The question, then, is how to extract actual authority, rather than popularity, from usage. This has to be algorithmic: if you ask ten randomly selected people which sources have the most authority, their lists are likely to differ. So we need to standardise on what authority actually means, and then somehow turn that into a function that we can apply in real time to actual weblog usage data.
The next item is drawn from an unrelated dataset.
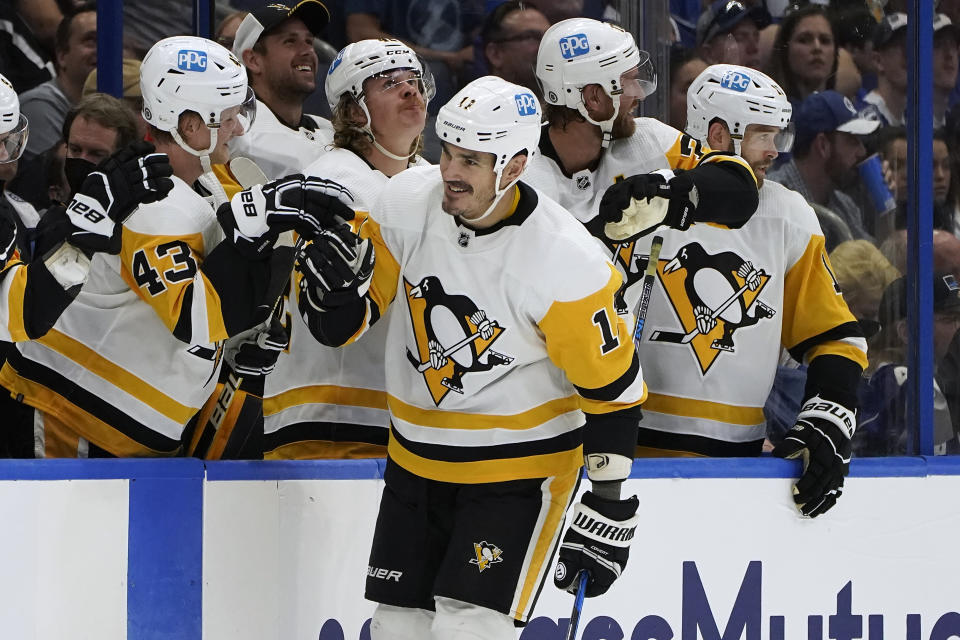 Pittsburgh Penguins center Brian Boyle (11) celebrates with the bench after his goal against the Tampa Bay Lightning during the second period of an NHL hockey game Tuesday, Oct. 12, 2021, in Tampa, Fla. (AP Photo/Chris O'Meara)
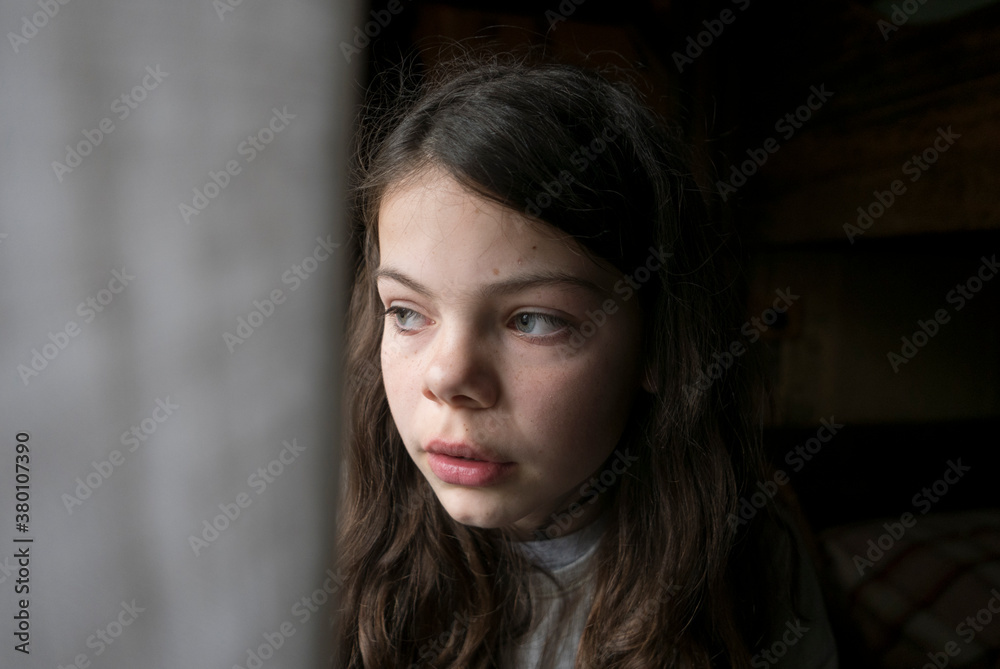 Girl looking out of window Girl looking out of window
The problem, of course, is that authority is necessarily subjective, because everybody’s needs differ. The best search engine is then one that takes your requirements into account and tailors results accordingly, but for a wide variety technical reasons this isn’t realistic – can you imagine building separate results pages for 20,000,000 users? Although a certain amount of customisation per user is possible, the main trunk of results for a wide-reaching search engine needs to be a best fit for all users. Somehow you need to build a base that roughly orders everything so it can be searched easily, and then allow each user to fine-tune the results to their liking. Unless you have a relatively small number of sources, it’s impractical for a near-instantaneous search to poll the entire sphere of all possible resources for your requirements each time.
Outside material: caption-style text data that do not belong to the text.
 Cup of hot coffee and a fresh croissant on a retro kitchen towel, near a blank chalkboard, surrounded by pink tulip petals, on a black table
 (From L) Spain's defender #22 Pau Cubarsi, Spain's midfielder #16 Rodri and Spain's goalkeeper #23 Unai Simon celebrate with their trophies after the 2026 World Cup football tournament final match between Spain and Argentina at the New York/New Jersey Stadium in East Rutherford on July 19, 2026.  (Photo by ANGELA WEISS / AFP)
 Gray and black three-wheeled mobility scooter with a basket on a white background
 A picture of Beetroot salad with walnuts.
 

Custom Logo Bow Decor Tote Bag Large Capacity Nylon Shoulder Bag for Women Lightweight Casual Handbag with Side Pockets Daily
A personal search engine is different: you take the sources you trust and manually add them to the database. The resources tab in Elgg can be used like this, as can any RSS aggregator, although depending on how you’re searching, it’s best to use one with full-text search capabilities across your subscriptions (which will probably appear on the next Elgg roadmap). Perhaps we could use this data to provide a two-tier search engine: users subscribe to content they’re interested in, and then this usage data is combined with the content links to provide a richer, dynamic idea of how important a source is. But this is flawed too – are all subscribers equal? Should we apply more weight to the US, Russian and Chinese heads of state – or professors at research institutions, for example – than John Doe in Islington? Do we give people the option to flip between both models? Google’s link-based model works – or gives the appearance of working – because so many websites are static and informational. The blogosphere is fluid and almost entirely opinion-based; how do you go about modelling that?

We’re back to the question of how to define authority. Findability has a thread of ideas; Clay Shirky has a post about the nature of authority as it relates to Wikipedia. Perhaps some of you have different ideas?